Thursday, June 14, 2007

Well-Made World #14

US

  • No Empires still hates Lee Bollinger. He was terrible as our university president, and only gets worse when it comes to placating the ADL and friends.
  • NE could not pass this one up. Turns out that, since 1994, the US military has been researching the use of, shall we say, "unconventional," non-lethal weaponry. The highlight of this article is the revelation of one US hope to develop a bomb that would cause uncontrollable sexual urges among (male) enemy forces. "Let's watch these men fuck, and then kill them!"--is this how it would have gone? For more on enduring racist assumptions about Arab sexuality, from Andre Gide to Abu Ghraib, as well as an eloquent work of intellectual history, see Joseph Massad, Desiring Arabs, Chicago, 2007.
  • Manhattan judge Charles S. Haight Jr. reverses his recent rebuke of NYPD surveillance tactics, dealing a blow to organized dissent in the city No Empires calls home.

Middle East

  • Huge developments in Israel/Palestine over the last twenty-four hours. The Western "strategy" of isolating a democratically-elected government is playing out to devastating effect in the Gaza Strip, amid recent intense factional fighting between Hamas and Fatah.

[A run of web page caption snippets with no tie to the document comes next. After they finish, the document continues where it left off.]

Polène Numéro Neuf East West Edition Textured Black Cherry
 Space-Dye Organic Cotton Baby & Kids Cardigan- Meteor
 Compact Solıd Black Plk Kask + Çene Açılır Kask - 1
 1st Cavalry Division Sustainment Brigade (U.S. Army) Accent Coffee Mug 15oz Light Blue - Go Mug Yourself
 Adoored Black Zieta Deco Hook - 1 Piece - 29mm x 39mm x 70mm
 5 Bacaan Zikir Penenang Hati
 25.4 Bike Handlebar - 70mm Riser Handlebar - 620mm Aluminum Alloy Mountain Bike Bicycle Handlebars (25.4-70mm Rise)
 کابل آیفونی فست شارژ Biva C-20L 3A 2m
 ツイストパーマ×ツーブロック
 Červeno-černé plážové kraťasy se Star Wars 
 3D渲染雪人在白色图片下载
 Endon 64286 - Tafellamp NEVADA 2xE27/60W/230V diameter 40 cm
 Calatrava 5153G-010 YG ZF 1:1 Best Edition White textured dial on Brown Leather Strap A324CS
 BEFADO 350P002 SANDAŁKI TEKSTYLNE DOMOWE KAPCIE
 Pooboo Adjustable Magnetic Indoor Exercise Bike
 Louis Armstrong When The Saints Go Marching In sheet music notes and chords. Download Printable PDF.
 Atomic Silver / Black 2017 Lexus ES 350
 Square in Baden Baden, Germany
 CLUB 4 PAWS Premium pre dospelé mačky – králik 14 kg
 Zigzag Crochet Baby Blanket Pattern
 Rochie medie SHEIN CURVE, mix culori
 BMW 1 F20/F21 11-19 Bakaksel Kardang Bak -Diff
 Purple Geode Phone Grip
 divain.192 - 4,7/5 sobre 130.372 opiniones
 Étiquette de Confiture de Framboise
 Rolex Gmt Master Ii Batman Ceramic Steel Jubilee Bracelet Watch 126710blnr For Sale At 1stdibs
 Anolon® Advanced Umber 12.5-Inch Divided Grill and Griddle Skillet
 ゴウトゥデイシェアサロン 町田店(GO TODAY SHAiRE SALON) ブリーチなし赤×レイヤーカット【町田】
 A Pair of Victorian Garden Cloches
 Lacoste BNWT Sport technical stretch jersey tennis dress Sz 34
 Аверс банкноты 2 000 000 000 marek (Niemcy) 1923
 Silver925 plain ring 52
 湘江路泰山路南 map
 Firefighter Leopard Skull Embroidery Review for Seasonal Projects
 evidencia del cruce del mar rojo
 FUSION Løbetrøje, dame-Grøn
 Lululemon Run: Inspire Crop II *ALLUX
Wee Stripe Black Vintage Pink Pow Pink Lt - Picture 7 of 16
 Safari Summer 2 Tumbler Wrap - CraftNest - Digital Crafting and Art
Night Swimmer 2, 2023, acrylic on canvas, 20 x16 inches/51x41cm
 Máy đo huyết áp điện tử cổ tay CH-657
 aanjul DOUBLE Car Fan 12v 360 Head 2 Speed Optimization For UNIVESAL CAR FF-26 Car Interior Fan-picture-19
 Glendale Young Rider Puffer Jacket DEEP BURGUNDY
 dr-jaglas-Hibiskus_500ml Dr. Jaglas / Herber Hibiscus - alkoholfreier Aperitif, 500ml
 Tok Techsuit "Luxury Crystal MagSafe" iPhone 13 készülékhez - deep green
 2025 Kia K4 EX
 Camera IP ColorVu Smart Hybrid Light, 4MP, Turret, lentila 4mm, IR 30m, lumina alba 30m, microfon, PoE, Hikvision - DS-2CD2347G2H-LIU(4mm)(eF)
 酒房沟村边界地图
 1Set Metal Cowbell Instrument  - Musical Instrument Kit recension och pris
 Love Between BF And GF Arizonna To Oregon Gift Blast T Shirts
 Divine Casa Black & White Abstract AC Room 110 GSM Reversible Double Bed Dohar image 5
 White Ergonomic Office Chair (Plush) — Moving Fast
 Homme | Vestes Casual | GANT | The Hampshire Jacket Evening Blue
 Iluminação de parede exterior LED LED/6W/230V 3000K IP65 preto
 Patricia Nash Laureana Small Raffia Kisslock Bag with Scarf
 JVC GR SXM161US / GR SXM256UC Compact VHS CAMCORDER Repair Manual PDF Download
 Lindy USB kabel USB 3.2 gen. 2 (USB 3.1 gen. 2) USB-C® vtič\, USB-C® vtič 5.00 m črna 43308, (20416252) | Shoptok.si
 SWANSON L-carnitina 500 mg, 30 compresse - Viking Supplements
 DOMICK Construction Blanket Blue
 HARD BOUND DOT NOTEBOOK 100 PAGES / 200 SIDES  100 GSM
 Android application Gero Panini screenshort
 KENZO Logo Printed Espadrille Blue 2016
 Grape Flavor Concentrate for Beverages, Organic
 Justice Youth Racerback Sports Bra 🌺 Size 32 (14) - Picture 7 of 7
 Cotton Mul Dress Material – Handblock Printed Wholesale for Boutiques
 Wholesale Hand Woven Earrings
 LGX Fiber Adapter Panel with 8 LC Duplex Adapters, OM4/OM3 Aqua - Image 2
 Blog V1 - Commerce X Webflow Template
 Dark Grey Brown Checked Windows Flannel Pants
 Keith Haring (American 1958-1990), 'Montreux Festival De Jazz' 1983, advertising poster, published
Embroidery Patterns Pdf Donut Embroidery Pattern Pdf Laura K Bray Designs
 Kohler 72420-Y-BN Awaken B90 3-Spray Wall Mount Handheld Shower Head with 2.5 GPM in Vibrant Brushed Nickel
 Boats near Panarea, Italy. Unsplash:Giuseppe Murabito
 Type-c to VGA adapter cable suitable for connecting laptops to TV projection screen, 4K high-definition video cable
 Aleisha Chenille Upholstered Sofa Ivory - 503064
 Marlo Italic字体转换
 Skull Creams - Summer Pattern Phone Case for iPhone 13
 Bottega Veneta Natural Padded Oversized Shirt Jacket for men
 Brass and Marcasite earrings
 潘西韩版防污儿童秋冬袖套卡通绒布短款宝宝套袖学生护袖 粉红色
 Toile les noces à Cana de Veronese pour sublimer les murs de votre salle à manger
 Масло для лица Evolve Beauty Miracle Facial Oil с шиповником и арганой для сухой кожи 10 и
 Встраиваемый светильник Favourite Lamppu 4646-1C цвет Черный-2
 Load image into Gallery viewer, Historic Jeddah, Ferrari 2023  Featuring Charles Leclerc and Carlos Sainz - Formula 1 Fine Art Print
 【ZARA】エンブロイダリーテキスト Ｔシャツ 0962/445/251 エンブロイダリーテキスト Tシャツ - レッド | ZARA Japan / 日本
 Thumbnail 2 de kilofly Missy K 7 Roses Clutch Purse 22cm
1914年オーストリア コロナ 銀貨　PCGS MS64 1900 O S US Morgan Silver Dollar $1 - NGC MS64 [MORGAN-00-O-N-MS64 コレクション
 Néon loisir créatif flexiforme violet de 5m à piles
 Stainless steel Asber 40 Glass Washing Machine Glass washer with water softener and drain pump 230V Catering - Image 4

Abu Mazen has, unsurprisingly, dissolved the fragile unity government in Palestine and declared a state of emergency; what is surprising, however, is that Fatah appears to have been so thoroughly routed, given its links to Muhammad Dahlan and his millions in arms, courtesy of Washington. No Empires is prone to believe Hamas spokesmen who say that they were pressed to ensure that Dahlan's thugs (the National Security Forces) did not act as a supra-governmental force--though this, of course, does not mean we condone the violence, which of course plays right into Washington's and Jerusalem's hands.
  • The Palestine Center for Human Rights documents, and condemns, the recent violence in the Occupied Territories, going so far as to apologize for their staff's inability to fully cover events as they unfold, given the starkly dangerous atmosphere in which they are working.
  • Alvaro de Soto, former UN coordinator for the Middle East (as of yesterday) discusses Palestine/Israel in his End of Mission Report, claiming that the one-state solution is gaining ground, and also that Western refusals to deal with democratically-elected Hamas officials may lead to a weakening of democratic impluses amongst Palestinians. Full text of his speech can be found here.
  • Not long after Desmond Tutu compares the situation in Palestine to South African apartheid, Israel walks all over him once again. Despite Tutu's efforts to investigate the carnage wreaked at Beit Hanoun last year, Itzhak Levanon shrugs it off, playing the part of the broken record. As usual, he cites "imbalanced and one-sided resolutions" in the UN council, "which utterly ignores the fact that we live with terrorism every day and that more than 3,000 Qassam rockets have been launched into Israel since we withdrew from Gaza," adding that "a large part of these missiles have been launched precisely from towns such as Beit Hanoun." Towns such as Beit Hanoun, No Empires asks? Cheap rhetorical devices abound.
  • As you may well know, No Empires loves Ilan Pappe. Thank you JL.
  • And finally, Amira Hass on the current situation in Gaza.

Europe

  • Simon Kelner, editor of the Independent, responds in full to the exiting Prime Minister's repudiation of his paper, wondering if Blair would have gone so far if the Independent hadn't been so scathingly critical of Blair and Bush's march toward Baghdad.

2 comments:

Jacob Shell said...

You know what else noempires should hate? Bloomberg's congestion pricing scheme. It will just divert tons of car and truck traffic to Harlem -- which has the city's highest asthma rates as is!

n/a said...

Though No Empires is inclined to support any legislation that will discourage driving in NYC, you raise a good point. But do you really think that many extra cars will end up coming into Harlem this way? It seems that vacationers will not care much about the $8, and commuters are unlikely to drive to Harlem, park, and then take the subway rather than simply take commuter trains.